Solo 1 vestito usato su 10 viene raccolto in Italia. Appena il 12% degli indumenti viene correttamente differenziato, diventando riutilizzatile. Una cifra molto bassa se si considera che nel nostro paese la raccolta di abiti e accessori usati è di circa 1,6 kg per persona all'anno, contro i 14 kg della media europea
Solo 1 vestito usato su 10 viene raccolto in Italia. Appena il 12% degli indumenti viene correttamente differenziato, diventando riutilizzabile. Una cifra molto bassa se si considera che nel nostro paese la raccolta di abiti e accessori usati è di circa 1,6 kg per persona all’anno, contro i 14 kg della media europea.

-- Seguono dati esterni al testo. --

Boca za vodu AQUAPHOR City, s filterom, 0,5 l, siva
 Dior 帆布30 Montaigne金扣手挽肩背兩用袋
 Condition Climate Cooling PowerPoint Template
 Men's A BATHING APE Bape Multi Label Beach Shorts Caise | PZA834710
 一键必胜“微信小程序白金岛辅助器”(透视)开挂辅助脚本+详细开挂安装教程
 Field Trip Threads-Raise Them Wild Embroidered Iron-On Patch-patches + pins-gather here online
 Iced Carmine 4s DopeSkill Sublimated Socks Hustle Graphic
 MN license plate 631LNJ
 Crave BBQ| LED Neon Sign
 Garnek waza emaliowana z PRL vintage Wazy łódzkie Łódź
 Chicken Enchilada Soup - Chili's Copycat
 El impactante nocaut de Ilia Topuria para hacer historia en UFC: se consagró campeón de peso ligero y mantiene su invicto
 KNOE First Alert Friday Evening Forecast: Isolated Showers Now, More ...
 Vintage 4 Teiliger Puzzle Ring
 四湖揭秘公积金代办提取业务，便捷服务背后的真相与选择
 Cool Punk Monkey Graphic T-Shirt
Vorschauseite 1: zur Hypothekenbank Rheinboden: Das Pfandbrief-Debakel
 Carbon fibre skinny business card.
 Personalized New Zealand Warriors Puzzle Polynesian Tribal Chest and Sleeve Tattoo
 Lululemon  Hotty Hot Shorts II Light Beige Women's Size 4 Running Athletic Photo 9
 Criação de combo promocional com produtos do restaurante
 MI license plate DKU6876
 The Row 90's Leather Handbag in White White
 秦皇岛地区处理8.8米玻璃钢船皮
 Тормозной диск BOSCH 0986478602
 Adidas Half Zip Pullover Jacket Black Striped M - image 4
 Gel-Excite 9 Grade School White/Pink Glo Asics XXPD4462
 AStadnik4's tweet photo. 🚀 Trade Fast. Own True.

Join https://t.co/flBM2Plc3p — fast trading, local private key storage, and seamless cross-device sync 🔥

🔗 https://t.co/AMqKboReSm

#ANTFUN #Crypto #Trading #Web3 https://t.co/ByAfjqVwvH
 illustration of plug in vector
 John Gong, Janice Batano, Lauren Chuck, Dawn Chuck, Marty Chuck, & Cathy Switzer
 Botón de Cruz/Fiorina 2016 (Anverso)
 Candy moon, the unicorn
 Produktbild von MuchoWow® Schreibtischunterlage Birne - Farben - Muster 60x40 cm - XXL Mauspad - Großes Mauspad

È quanto è emerso ieri nel corso del Convegno “La cultura del riutilizzo eccellenza della Green Economy – La raccolta degli abiti usati per una nuova etica d’impresa”, organizzato a Roma presso la Camera dei Deputati da HUMANA People to People Italia Onlus.
Secondo lo studio, in Italia nel 2012 sono state raccolte in maniera differenziata 99.900 tonnellate di rifiuti tessili, pari al 12% del totale raccoglibile. Di queste, il 68% è stato riutilizzato, il 25% riciclato e solo il 7% è stato avviato a smaltimento.
Ma, per una volta, non è tutta colpa dei cittadini. Manca infatti un quadro normativo in grado di regolare e gestire in maniera corretta gli abiti usati attraverso il controllo di tutta la filiera. Ciò, secondo la presidente di HUMANA, Karina Bolin “potrebbe portare a un incremento della raccolta fino a 3-5 kg/persona, pari a 240.000 tonnellate”.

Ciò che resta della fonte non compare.